Created attachment 940324 [details] sosreport Description of problem: ------------------------- glusterd invoked oom-killer on a a node while repeated rebalance and remove-brick operations were run on a couple of volumes in a 4 node cluster. Following is from dmesg output - ------------------------------------------------------------------------------- [ 3668] 0 3668 2465581 1905446 0 0 0 glusterd [22962] 0 22962 147184 860 1 0 0 gluster [22977] 0 22977 123751 3426 2 0 0 glusterfs [22984] 0 22984 187951 330 0 0 0 glusterfs [22990] 29 22990 6622 178 3 0 0 rpc.statd [23022] 0 23022 25227 125 0 0 0 sleep Out of memory: Kill process 3668 (glusterd) score 904 or sacrifice child Killed process 3668, UID 0, (glusterd) total-vm:9862324kB, anon-rss:7620504kB, file-rss:1280kB Find sosreport attached. Version-Release number of selected component (if applicable): -------------------------------------------------------------- glusterfs-3.6.0.28-1.el6rhs.x86_64 How reproducible: ------------------- Saw it once. Steps to Reproduce: --------------------- 1. Was running rebalance and remove-brick multiple times on a distributed volume (2 bricks), and a distributed-replicate volume (2 x 2) Actual results: ----------------- glusterd on one node invoked oom-killer. Expected results: ------------------ glusterd is not expected to be oom-killed. Additional info:
After seeing glusterd,cmd_history from attached sos report, it's evident that multiple commands being executed on the same volume simultaneously which is resulting in transactions collision hence locking is getting failed and sometimes resulting in above mention behaviour.
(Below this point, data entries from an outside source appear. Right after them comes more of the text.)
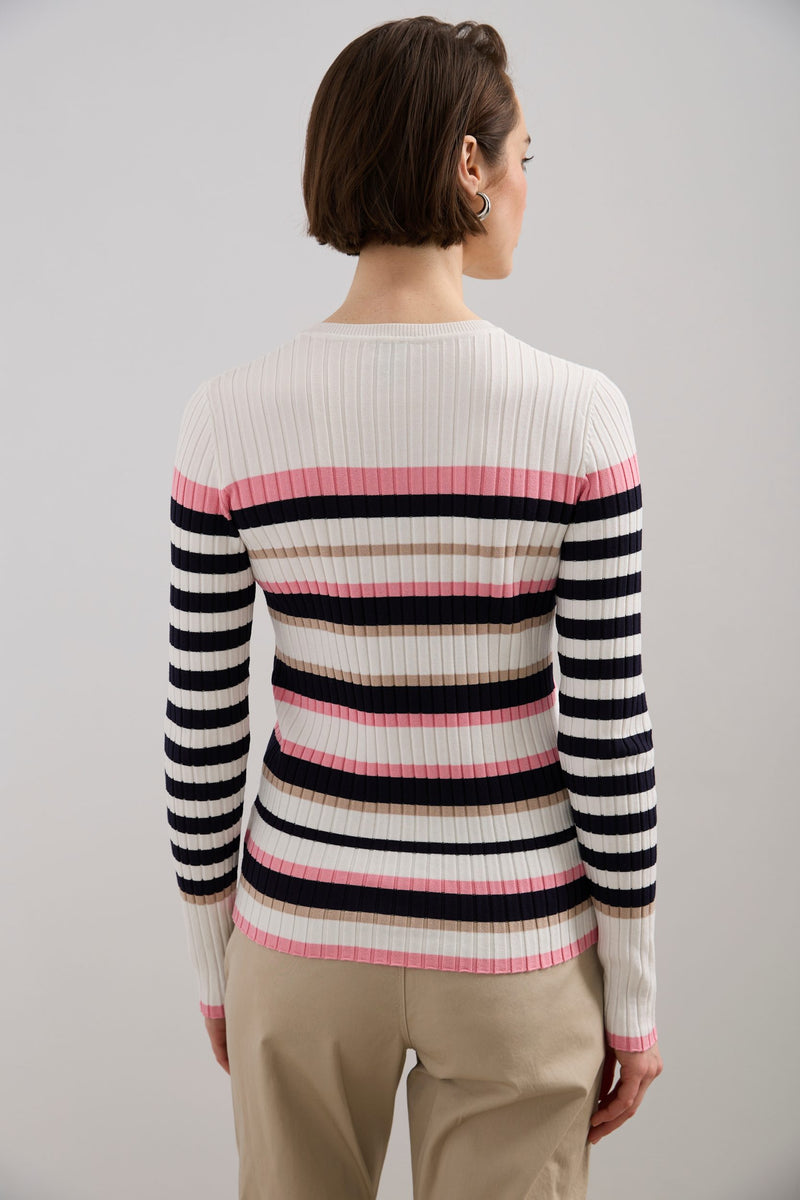 Striped crew neck rib sweater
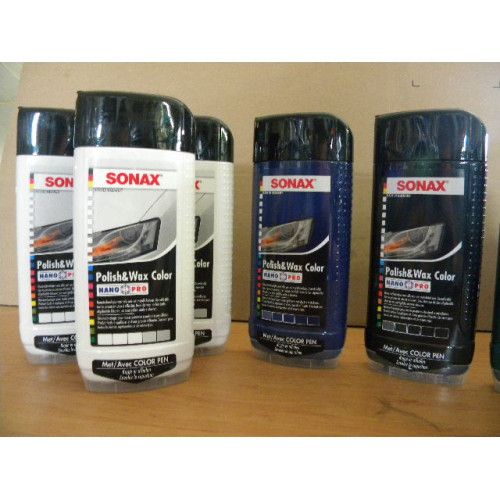 Sonax polish enwax colour, 7 flessen a 500 ml inhoud 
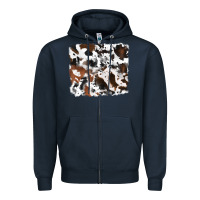 Navy cowhide background Zipper Hoodie - RanaPortraitStore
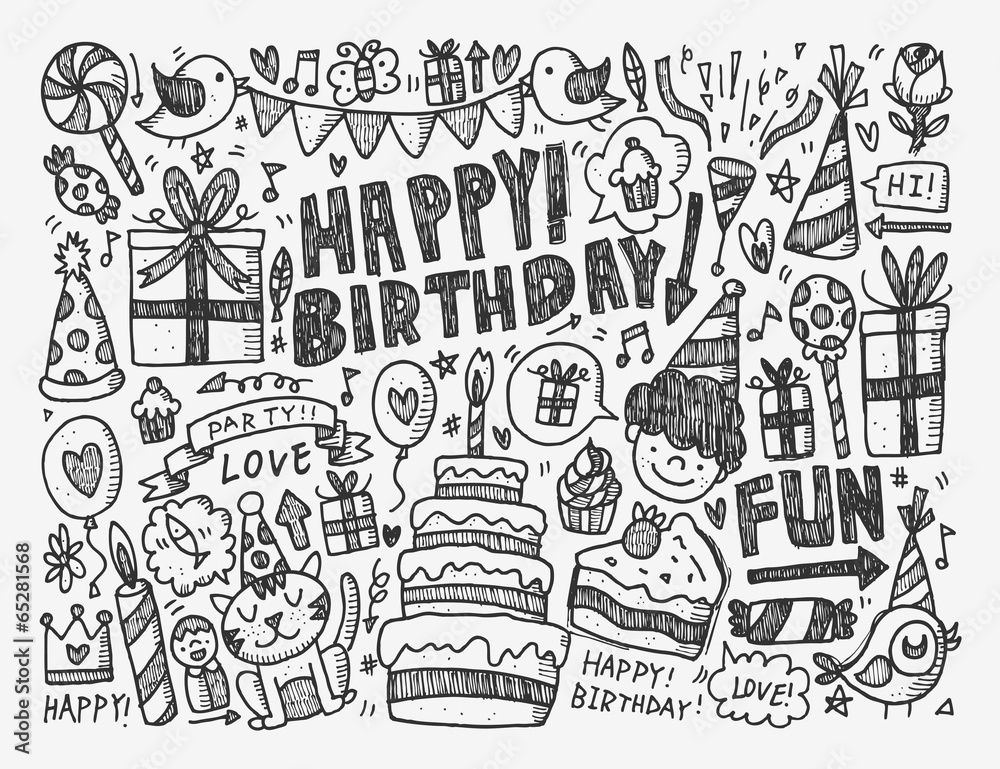 Doodle Birthday party background Doodle Birthday party background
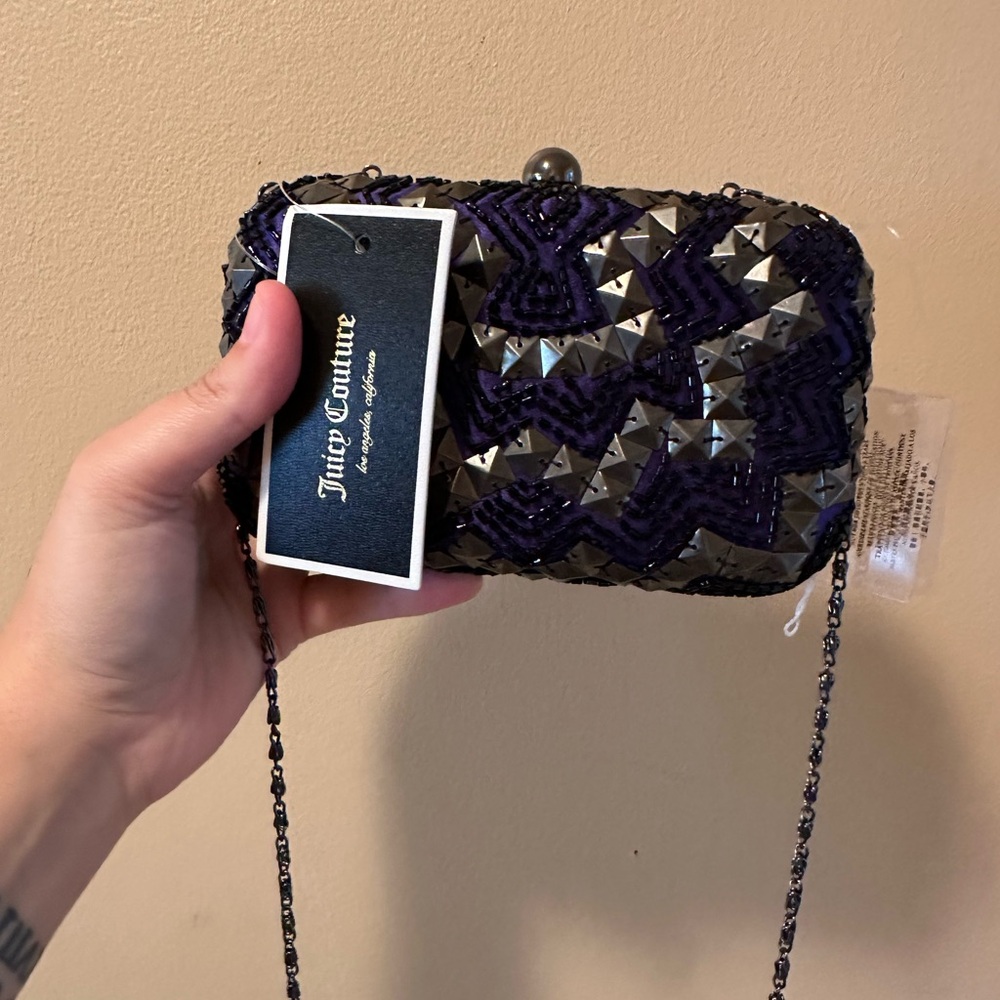 Juicy Couture Black and Silver Clutch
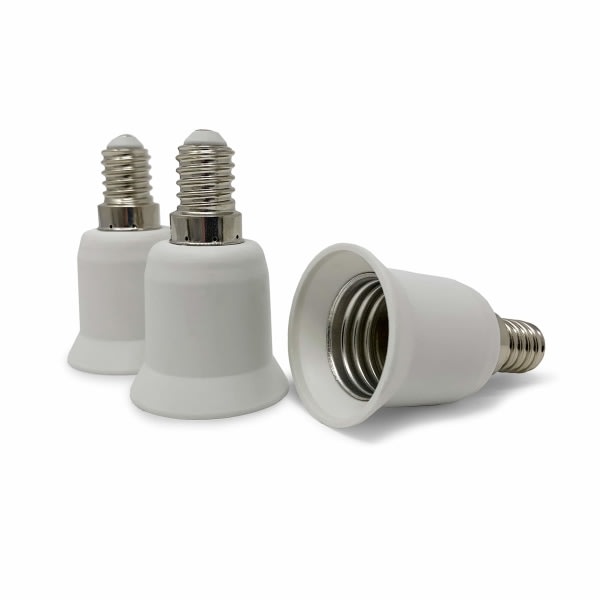 LED-lampesokkeladaptersett med 3 - Hvit - E14 Sokkel til E27 Sokkel - Sokkeladapter for lavenergihalogen LED-lamper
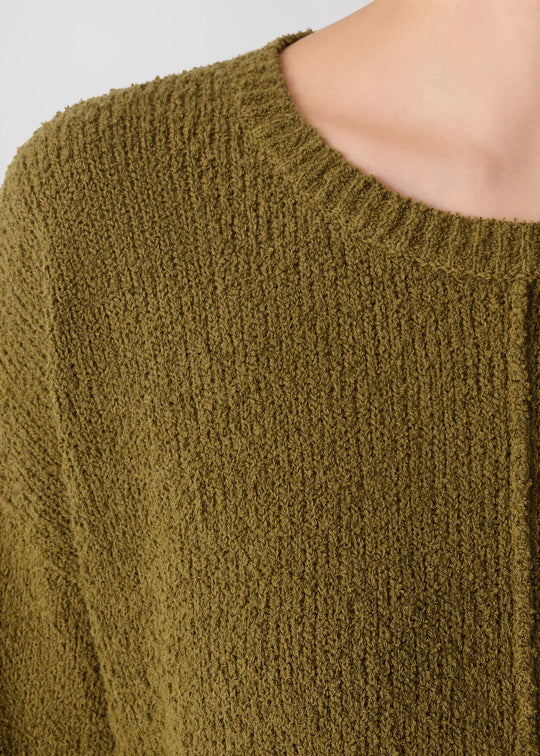 close up of plus size Eileen Fisher Organic Cotton blend Fluff Crewneck Sweater in Moss
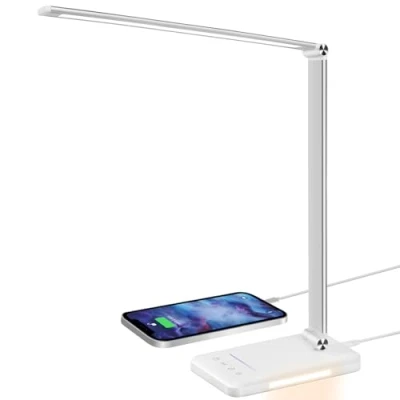 Bild av Skrivbord, LED bord, 5 färger x 10 dimbara ljusstyrkenivåer, 600 LM lä, USB laddningsfunktion, nattlampa, minnesfunktion, känslig kontroll, 6 000 K, svart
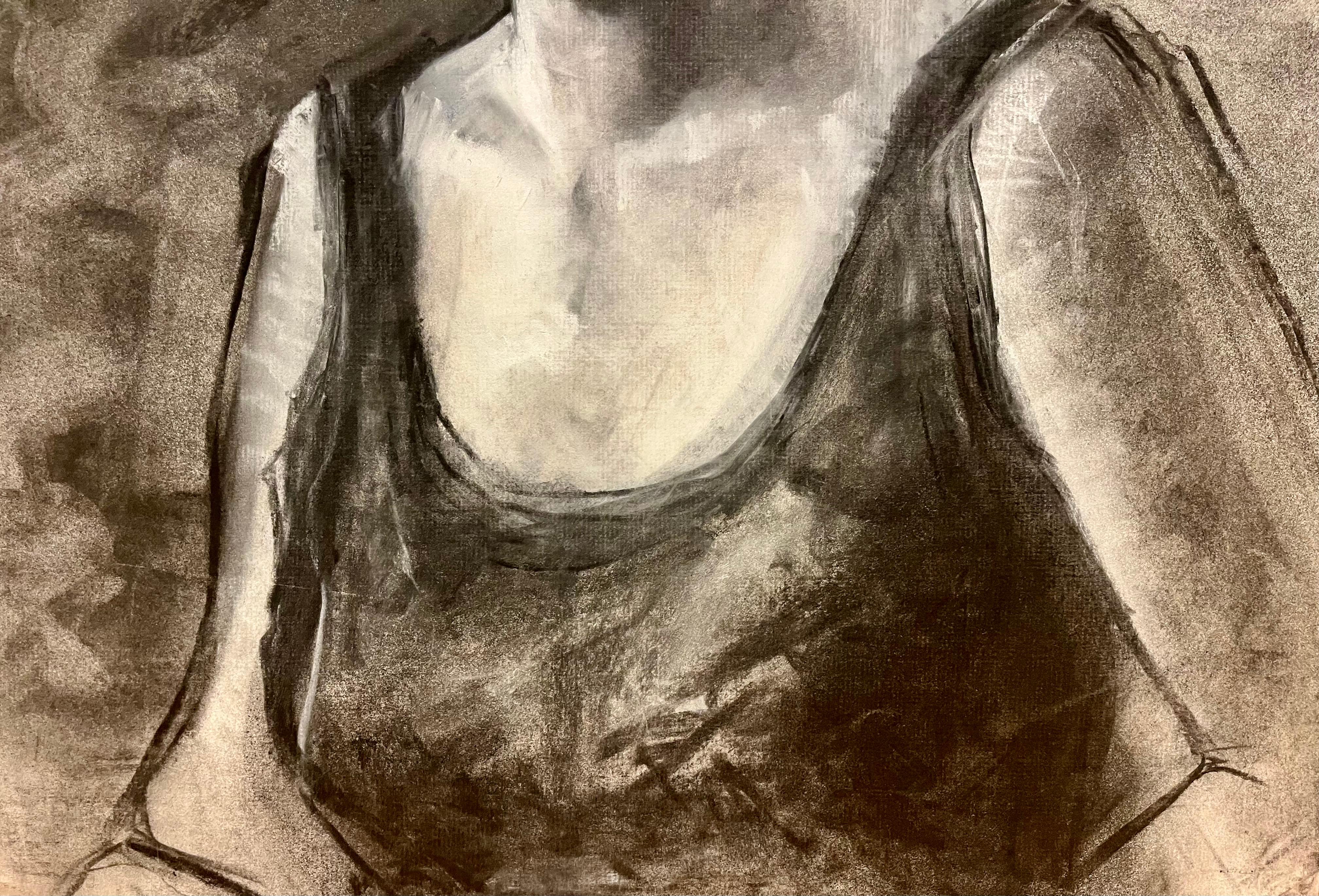 Portrait of African American Woman - Brown Figurative Art by MTH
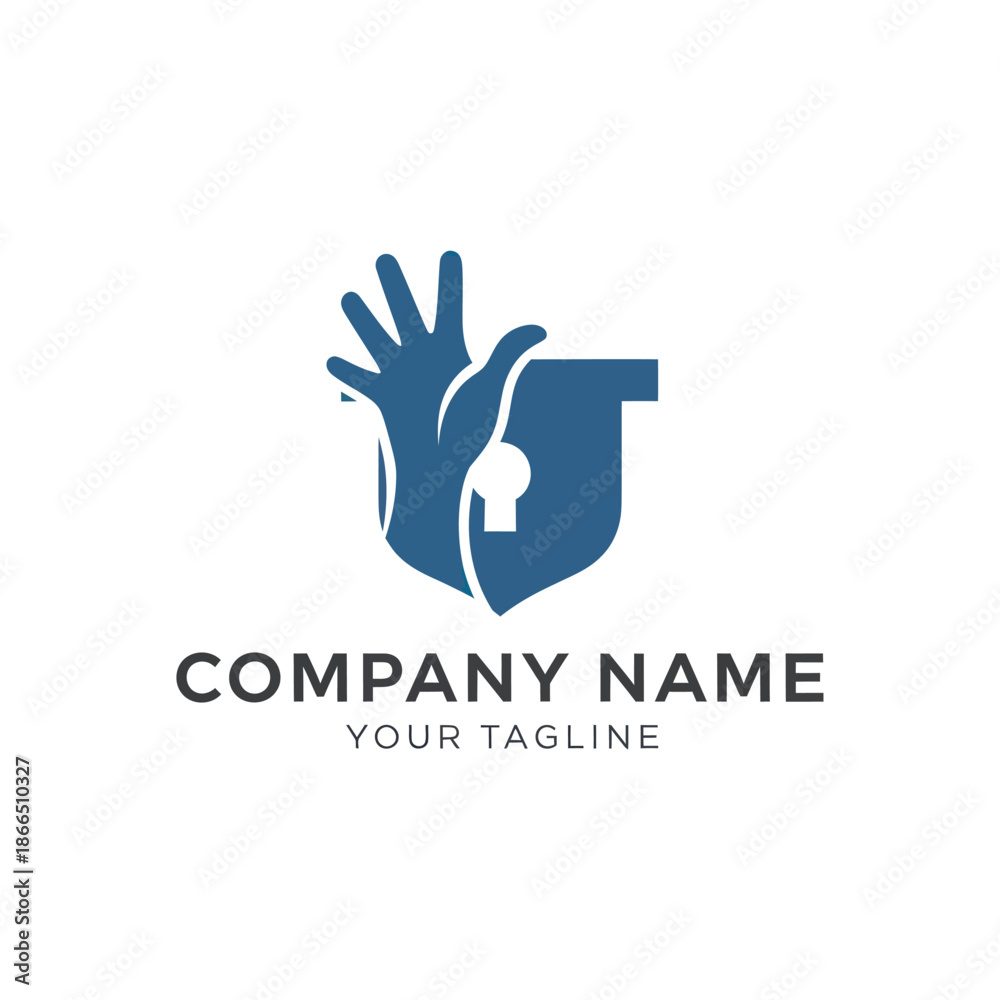 Fototapeta premium Hand and Shield Logo Design Template.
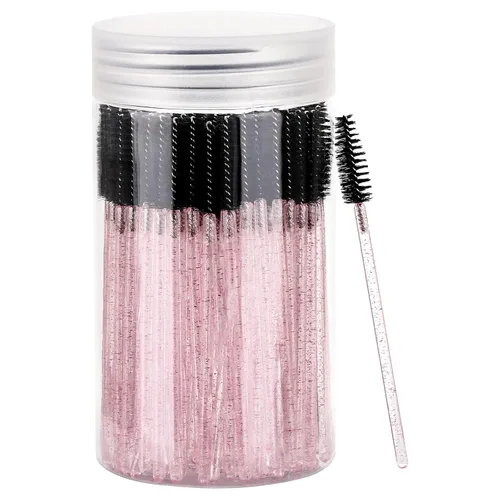 Vista 11 de 100 piezas de varitas de rímel desechables, cepillos espirales de cejas de cristal para extensiones de pestañas, cepillos de pestañas negros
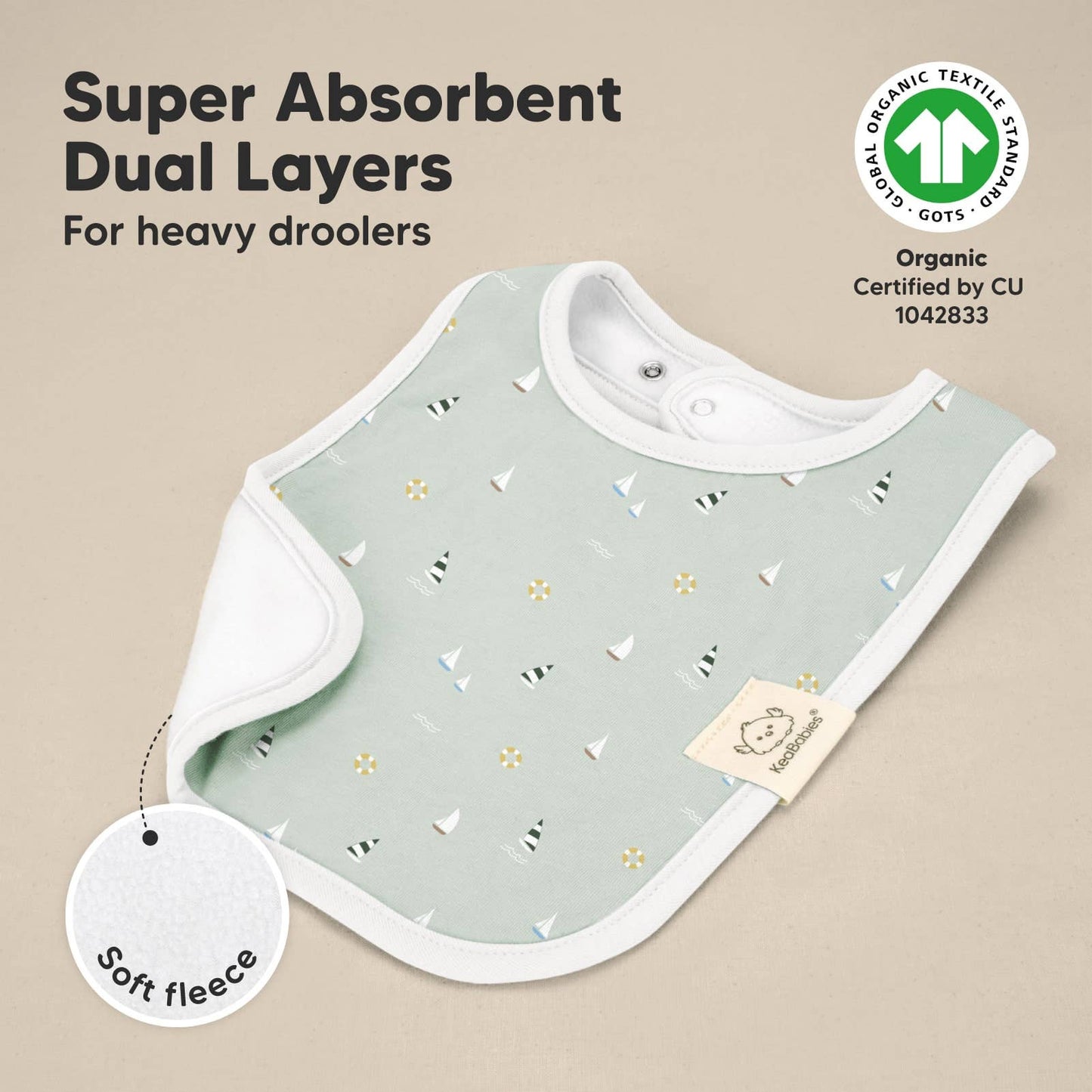 KeaBabies 8-Pack Coast Drool Bibs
Even though I tried to reproduce issue on my system locally by executing below mentioned steps 1. Create a 4 node cluster. 2. Repeatedly calling rebalance and remove-brick from all the nodes.(In loop from one node) Could you please try to recreate the issue by executing rebalance and remove-brick commands from one node.
Hello, I do not work on this anymore, moving needinfo request to Rahul Hinduja.
Issue is not getting reproduced after multiple trials, hence I am closing this issue.